PROVIDED RECORDS:
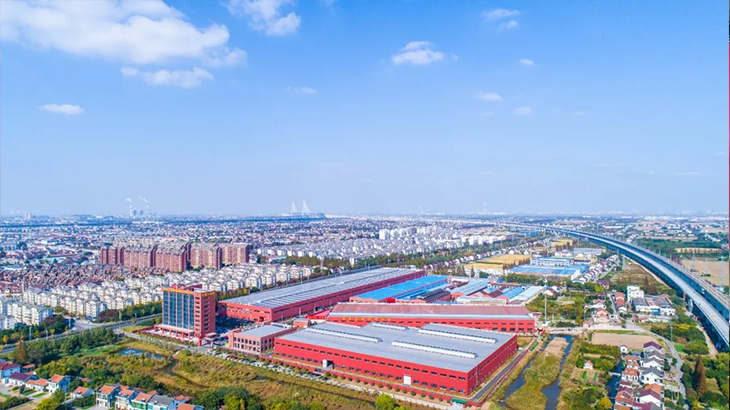 喜訊！海獅機(jī)械二項(xiàng)技術(shù)被收錄于國家成熟適用節(jié)水技術(shù)推廣目錄之中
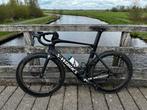 S-Works Venge ViAS Di2 Racefiets, Fietsen en Brommers, Fietsen | Racefietsen, Overige merken, 28 inch, Gebruikt, Carbon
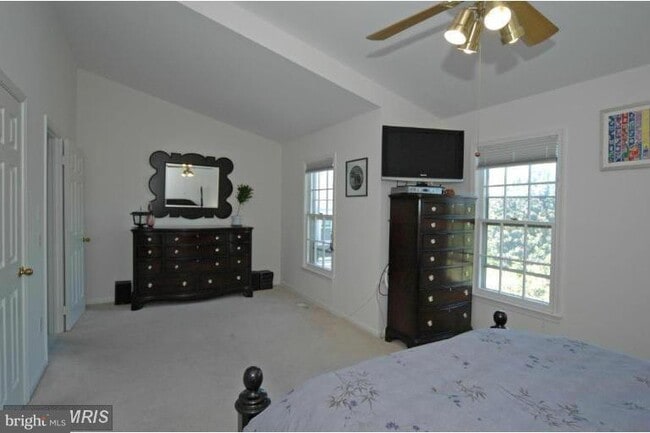 Building Photo - 11035 Cedarwood Dr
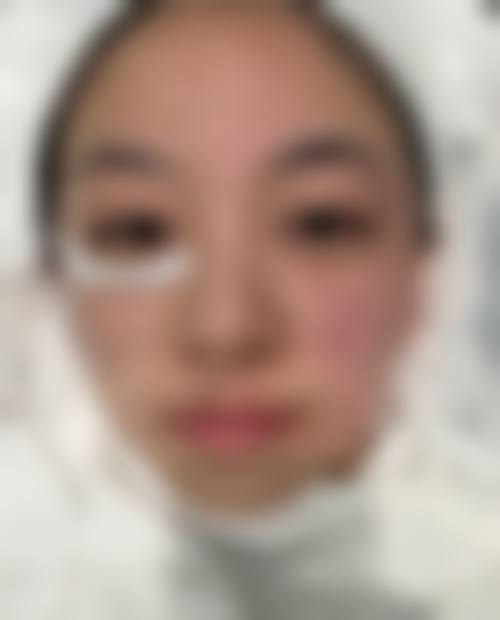四、合肥台美美容整形医院特色项目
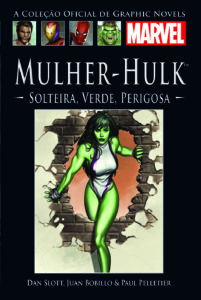 Mulher-Hulk Capa_frente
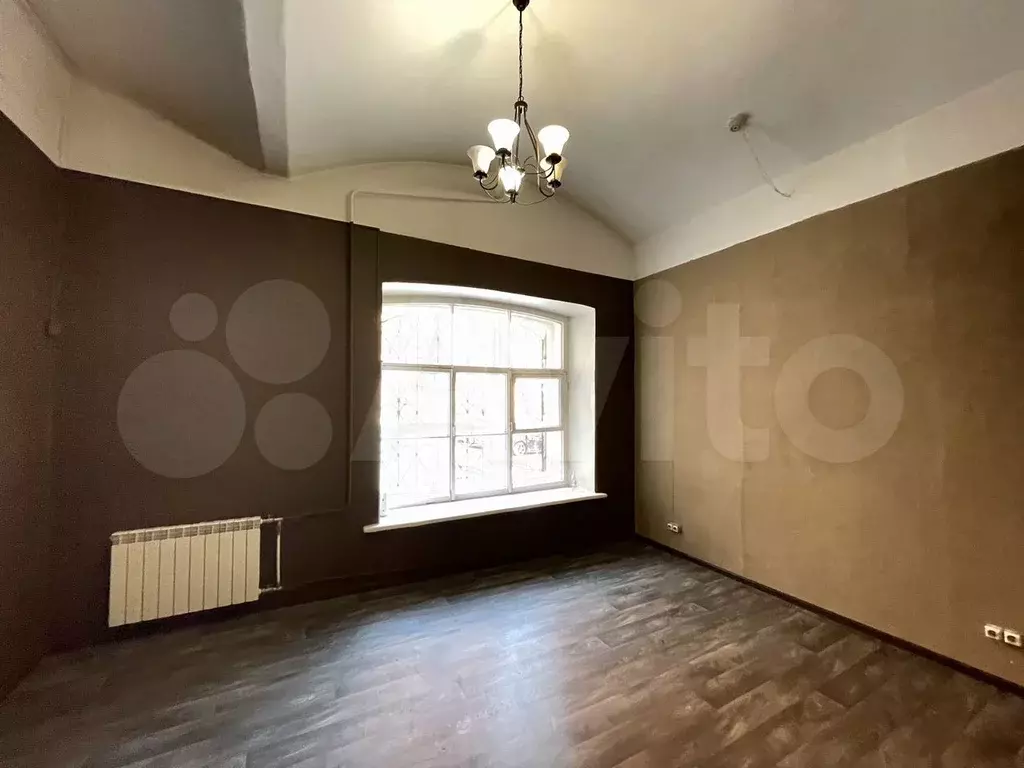 Свободного назначения, 102.1 м - Фото 1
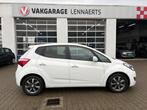 Hyundai Ix20 1.4i i-Motion (BOVAG/RIJKLAARPRIJS), Voorwielaandrijving, 12 maanden, Stof, Gebruikt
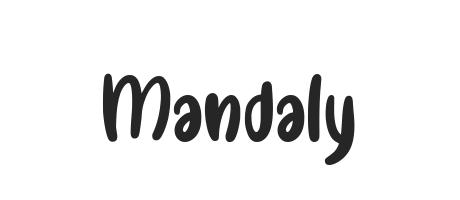 din pro font family zip din pro font family zip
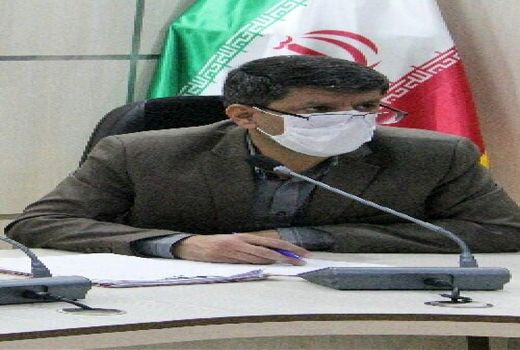 مردم فریب دلالان و تبلیغات کاذب خرید و فروش زمین‌های کشاورزی را نخورند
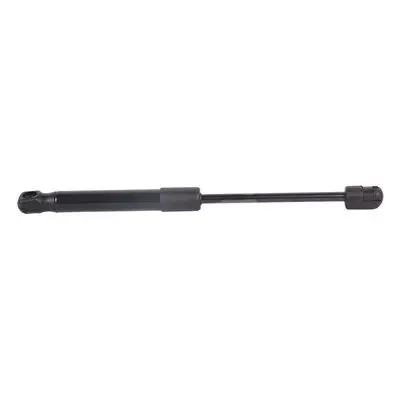 Vérin capot Bapmic BF0114520045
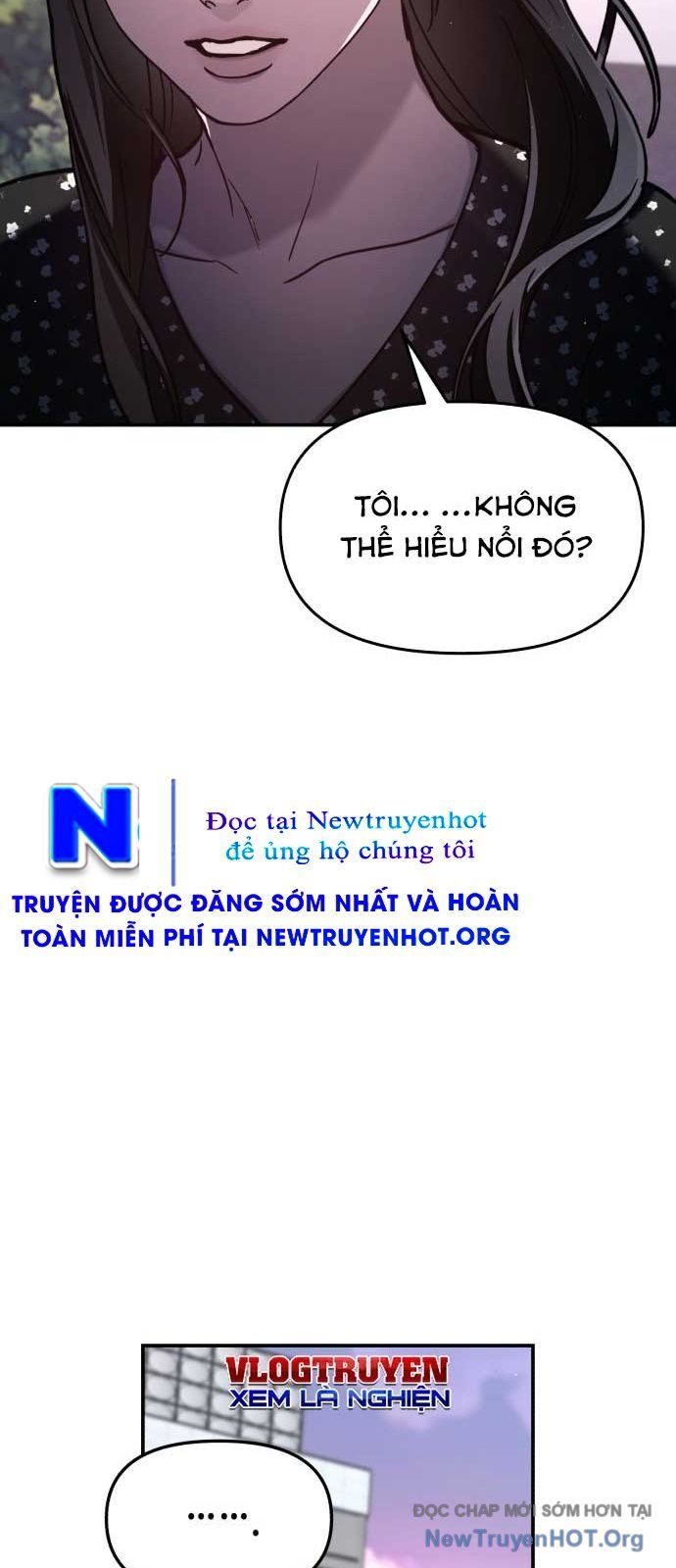 đọc truyện Mẹ Nào Con Nấy Chương 69 ảnh 51 tại Thiên Thai Truyện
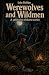 Werewolves and Wildmen by Luke Phillips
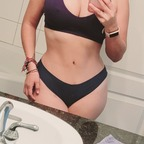 Download july12643 OnlyFans content for free 

 profile picture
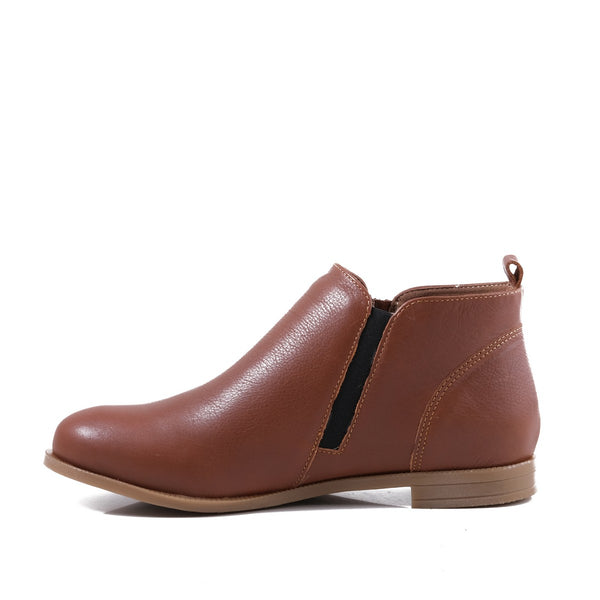 Step Ahead Froggie 12471 Chestnut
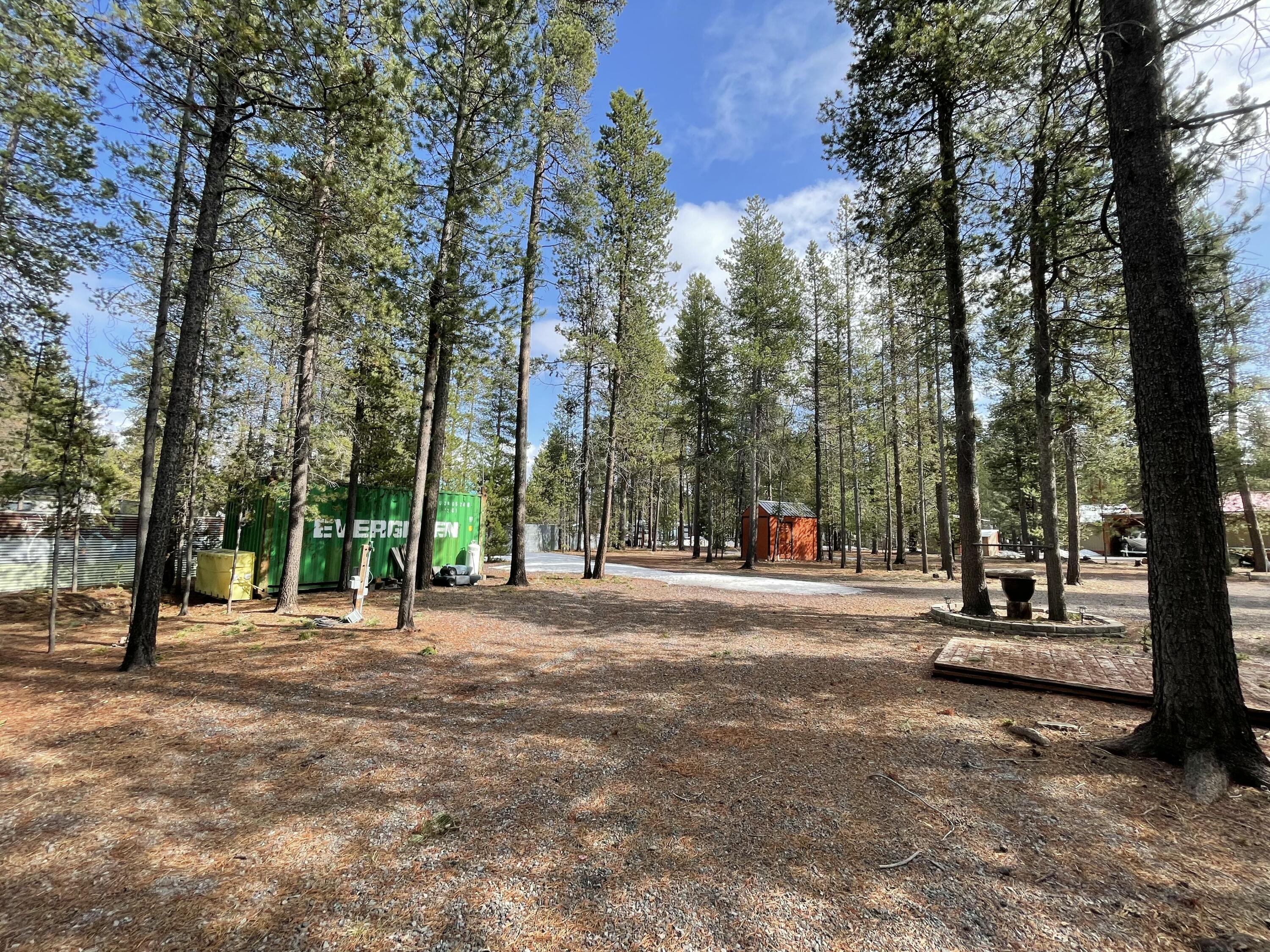 16060 Elkhorn Lane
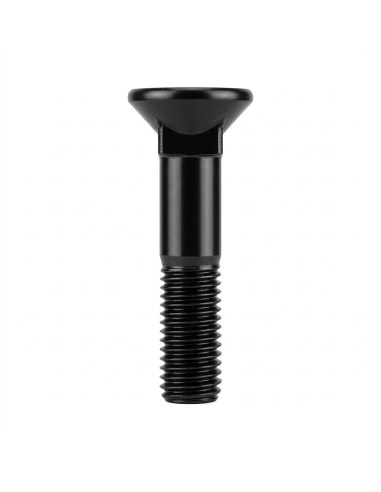 Tungsten grille (L-13AP-T) + M-12/70 screws,...
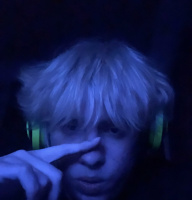 Привет мне 18 и 190 рост хочу найти девушку! – Фото 4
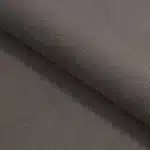 Aston 17 - Dark Grey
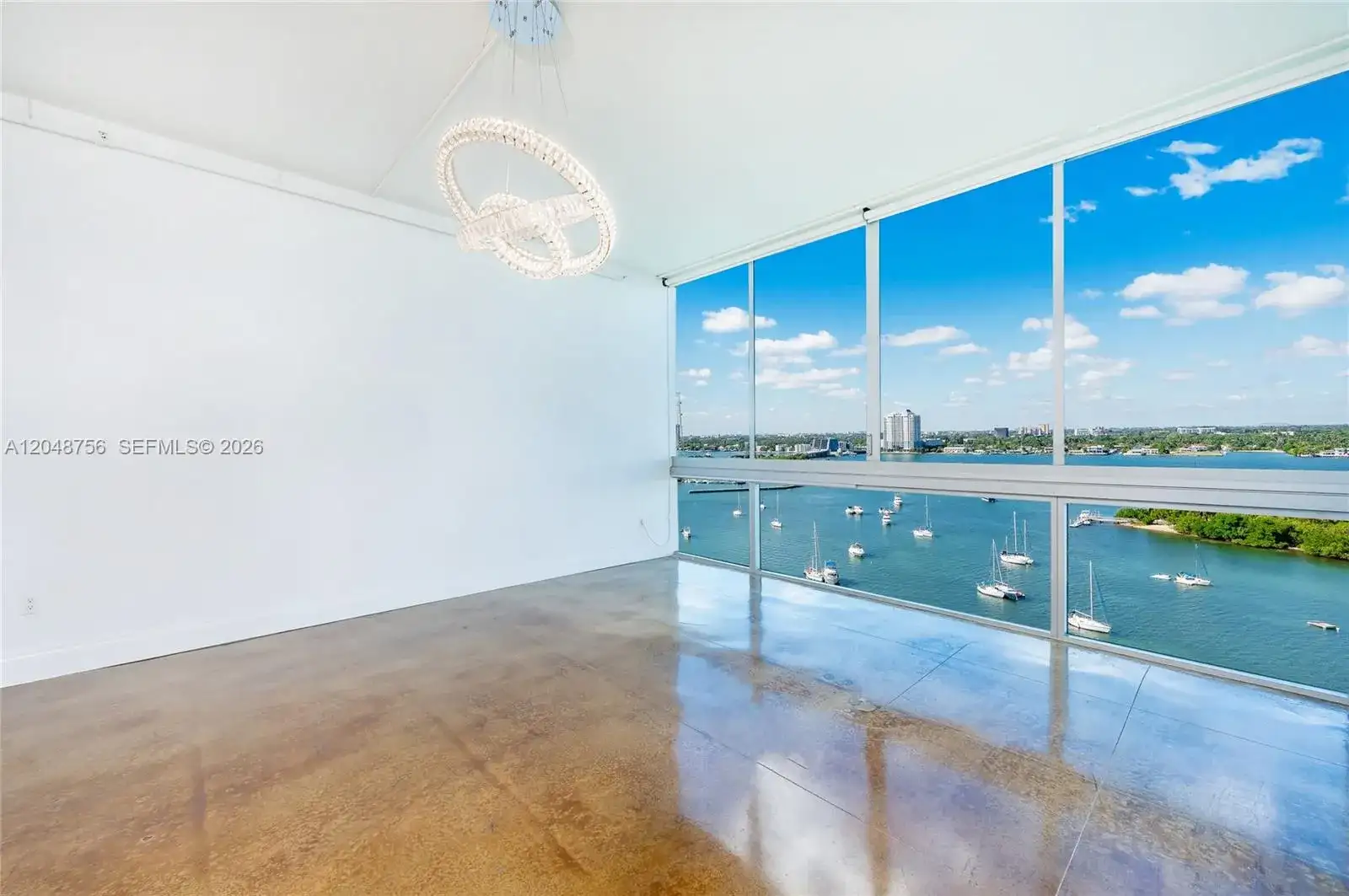 7934 West Dr # 1203, North Bay Village FL 33141 photo 5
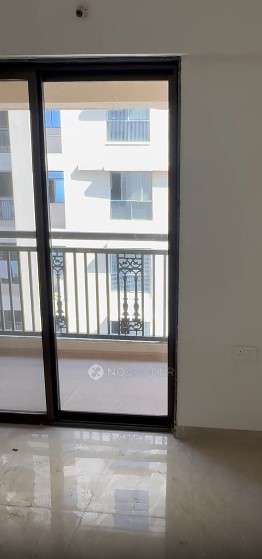 2 BHK Flat In Nb Towers for Rent  In Spine Road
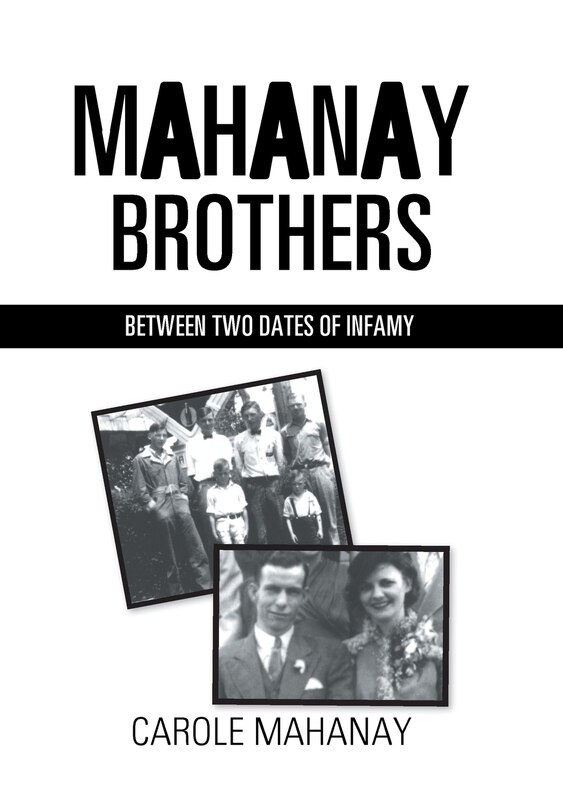 Couverture_Mahanay Brothers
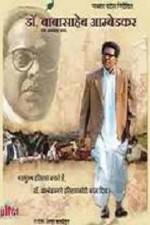 Watch Dr Babasaheb Ambedkar M4ufreemovies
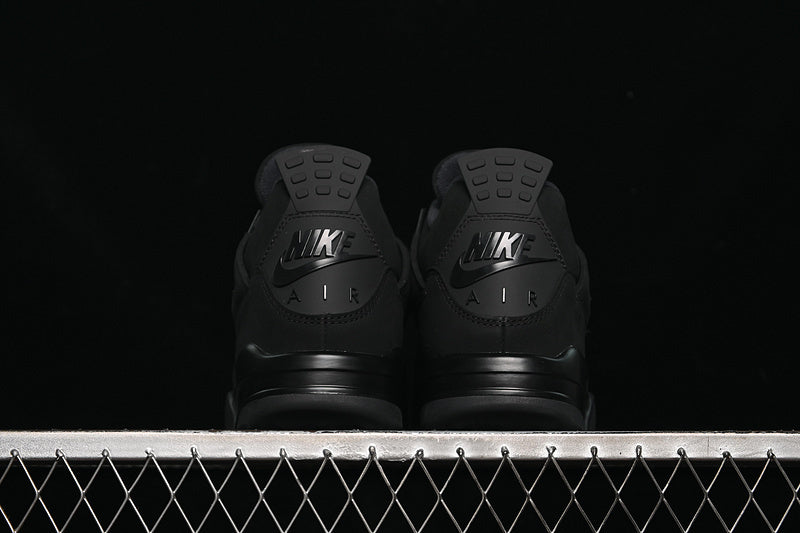 AJ4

EXERCISE BRIEF:
Instructions for the listing above: set down every entry exactly and drop any image.

EXERCISE OUTPUT:
 喜訊！海獅機(jī)械二項(xiàng)技術(shù)被收錄于國家成熟適用節(jié)水技術(shù)推廣目錄之中
 S-Works Venge ViAS Di2 Racefiets, Fietsen en Brommers, Fietsen | Racefietsen, Overige merken, 28 inch, Gebruikt, Carbon
 Building Photo - 11035 Cedarwood Dr
四、合肥台美美容整形医院特色项目
 Mulher-Hulk Capa_frente
 Свободного назначения, 102.1 м - Фото 1
 Hyundai Ix20 1.4i i-Motion (BOVAG/RIJKLAARPRIJS), Voorwielaandrijving, 12 maanden, Stof, Gebruikt
 din pro font family zip din pro font family zip
 مردم فریب دلالان و تبلیغات کاذب خرید و فروش زمین‌های کشاورزی را نخورند
 Vérin capot Bapmic BF0114520045
 đọc truyện Mẹ Nào Con Nấy Chương 69 ảnh 51 tại Thiên Thai Truyện
 Werewolves and Wildmen by Luke Phillips
 Download july12643 OnlyFans content for free 

 profile picture
 Step Ahead Froggie 12471 Chestnut
 16060 Elkhorn Lane
 Tungsten grille (L-13AP-T) + M-12/70 screws,...
 Привет мне 18 и 190 рост хочу найти девушку! – Фото 4
 Aston 17 - Dark Grey
 7934 West Dr # 1203, North Bay Village FL 33141 photo 5
 2 BHK Flat In Nb Towers for Rent  In Spine Road
 Couverture_Mahanay Brothers
 Watch Dr Babasaheb Ambedkar M4ufreemovies
 AJ4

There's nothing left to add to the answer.